The future of searches on the Web will likely involve spoken searches, as more and more people are connecting to the web with phones, and Google has added voice search interfaces to its search on desktop computers.

I thought it was interesting when I ran across a patent that focused on a problem that might arise with those spoken queries and thought it was worth writing about because it’s something that we will need to become acquainted with as it becomes more commonplace.

When Amit Singhal showed off Google’s Hummingbird update, he gave a presentation that showed Google handling searches involving pronouns. It’s worth watching for the information about Hummingbird and how Google is becoming more conversational and can handle things like stressed pronouns. The video is at:

I remembered the presentation about hummingbird and a more conversational Google when I saw this spoken queries patent come out from Google, which explains some of the technology behind aspects of conversational search:

Resolving pronoun ambiguity in voice queries Inventors: Gabriel Taubman and John J. Lee; Assignee: Google US Patent 9,529,793 Granted: December 27, 2016 Filed: February 22, 2013

Abstract

Methods, systems, and apparatus, including computer programs encoded on computer storage media, resolve ambiguity in received voice queries. An original voice query is received following one or earlier voice queries, wherein the original voice query includes a pronoun or phrase. A plurality of acoustic parameters is identified for one or more words in the original voice query in one implementation. A concept represented by the pronoun is identified based on the plurality of acoustic parameters, wherein the concept is associated with a particular query of one or earlier queries. The concept is associated with the pronoun. Alternatively, a concept may be associated with a phrase using the query’s grammatical analysis to relate the phrase to a concept derived from a prior query.
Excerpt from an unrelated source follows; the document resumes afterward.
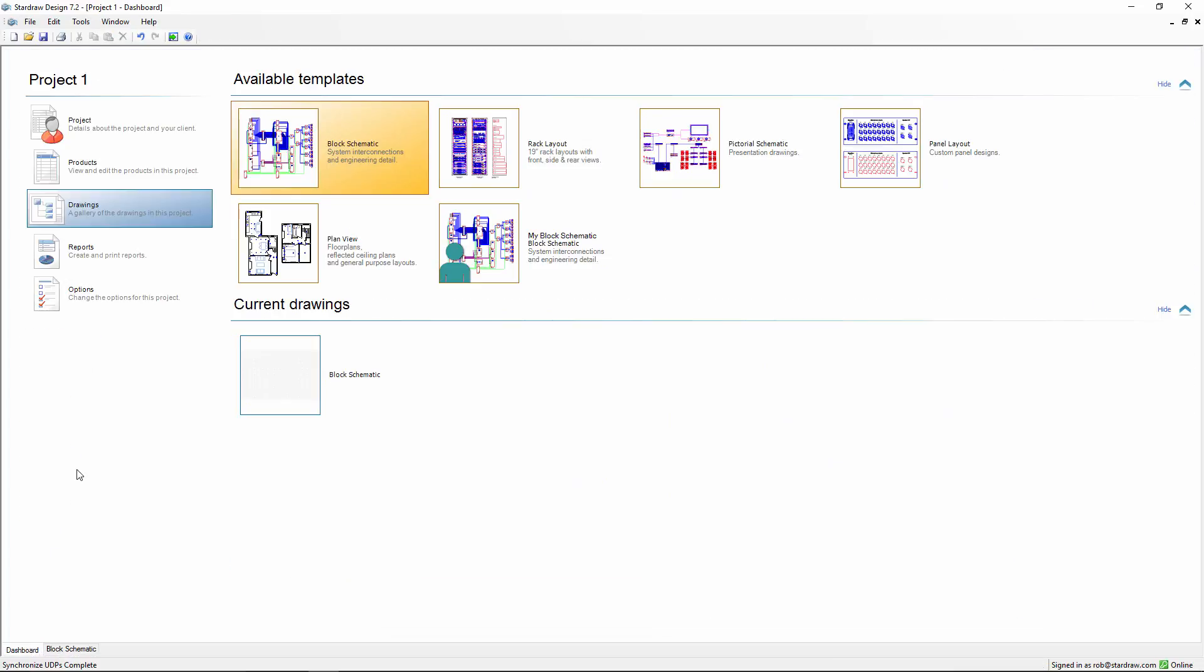If we now go back to the Project Dashboard, the Drawings view, we can see that there is now a new available template, and it's based on my user template, My Block Schematic.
I did write about some papers that Google researchers had written about pronouns in the post Searching with Pronouns: What are they? Coreferences in Followup Queries

But, the granted patent from this week had an example worth sharing about an aspect of conversational search that wasn’t covered in one of those papers involving stressed pronouns. Here is an example:

A voice query asks: “Who was Alexander Graham Bell’s father?” The answer: “Alexander Melville Bell” A follow-up voice query: “What is HIS birthday?” The answer to the follow-up query: “Alexander Melville Bell’s birthday is 3/1/1819”
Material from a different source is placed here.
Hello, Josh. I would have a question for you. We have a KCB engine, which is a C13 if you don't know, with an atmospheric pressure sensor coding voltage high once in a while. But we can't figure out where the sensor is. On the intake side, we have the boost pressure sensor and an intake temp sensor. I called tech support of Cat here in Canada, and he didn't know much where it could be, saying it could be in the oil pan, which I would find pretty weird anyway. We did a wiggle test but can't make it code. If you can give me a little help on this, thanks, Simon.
Spoken Queries and Stressed pronouns

The point behind this spoken queries patent is that the search engine decided that it should tell the searcher the birthdate of the inventor’s father. This was done based upon the fact that the “HIS” in that second query was stressed to indicate that it was about the father and not the son mentioned in that first query.
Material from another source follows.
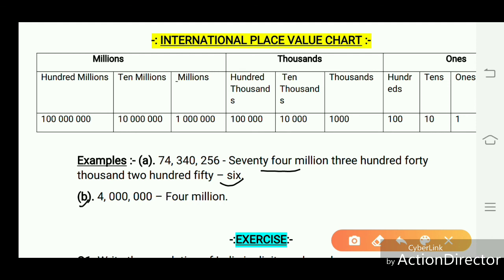Example B: 4,000,000. This number is read as 4 million, because million has 6 zeros.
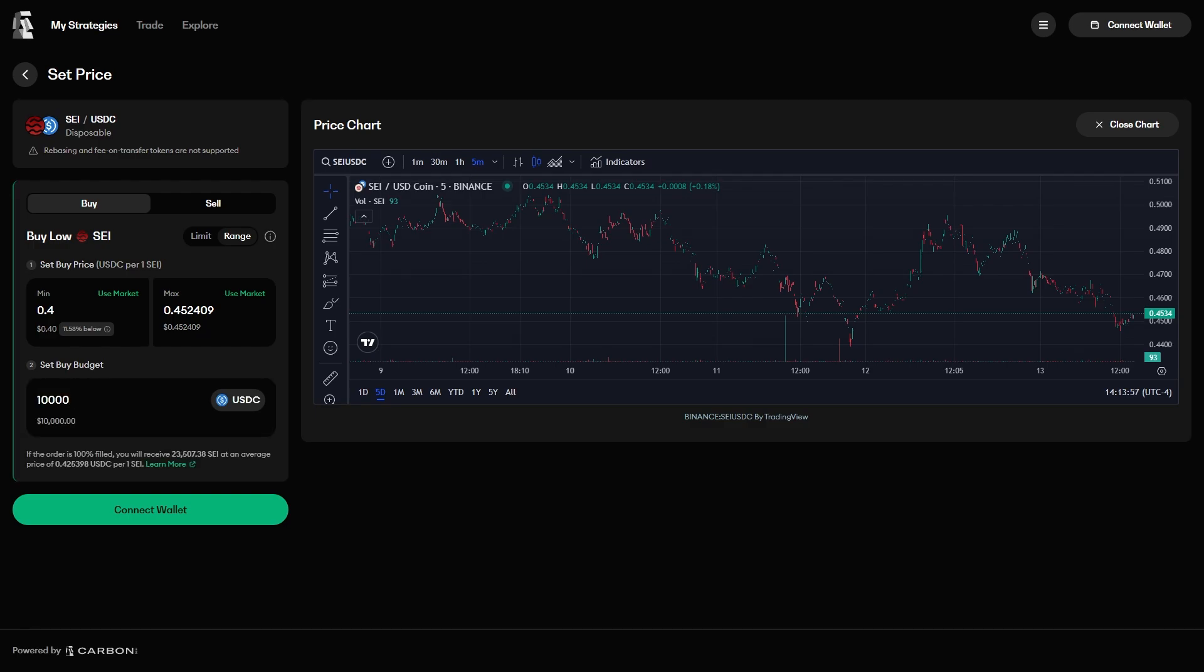and after entering the values for our order, we can see the straightforward explanation of what will happen. We will get 23,507 SEI after spending all 10,000 USDC. This lets us scale into a SEI position.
The patent tells us of a “stress score” for spoken queries that could include “volume, pitch, frequency, duration between each spoken word, and spoken duration of words or phrases.” It tells us that “By comparing the stress score for the pronoun to a threshold, an implementation may determine that the stress score indicates that the pronoun is stressed or not.”

The impact of a stressed query? The spoken queries patent says, “For example, if a pronoun is stressed, it may indicate that it refers to a concept from an immediately preceding query, while a pronoun that is not stressed may refer to a concept from a query that occurred earlier in a series of received queries.” It’s an interesting assumption that does sound like it uses how people actually convey information during inquiries when they are having conversations. The patent does tell us about some of the science behind this determination about stressed pronouns:

For example, if the absolute measure for the volume of the pronoun is 80 dB and the average volume for the other words in voice query is 60 db, the ratio of the volumes is 1.33. This relative volume measure for the pronoun indicates that the volume of the pronoun is 33% greater than the volume of the rest of the voice query. Alternatively, the relative measures can be different between the acoustic parameters for the pronoun and the acoustic parameters for the other words in voice query. For example, if the absolute measure for the time duration of the pronoun is 80 ms and the average time duration of the other words in voice query is 50 ms, the difference in the time duration is 30 ms. This relative time duration measure for the pronoun indicates that the time duration of the pronoun is 30 ms more than the average time duration for the words in voice query. Alternatively, the relative measures of the acoustic parameters for the pronoun can be relative to the acoustic parameters for only the words that immediately precede and follow the pronoun.

The spoken queries patent provides some other examples of how stresses might be understood, including how grammatical differences may play a role.

Interestingly, these types of things may influence spoken queries. For example, if you’ve been wondering about how Google might understand pronouns, now you have an idea of how it could understand stressed pronouns.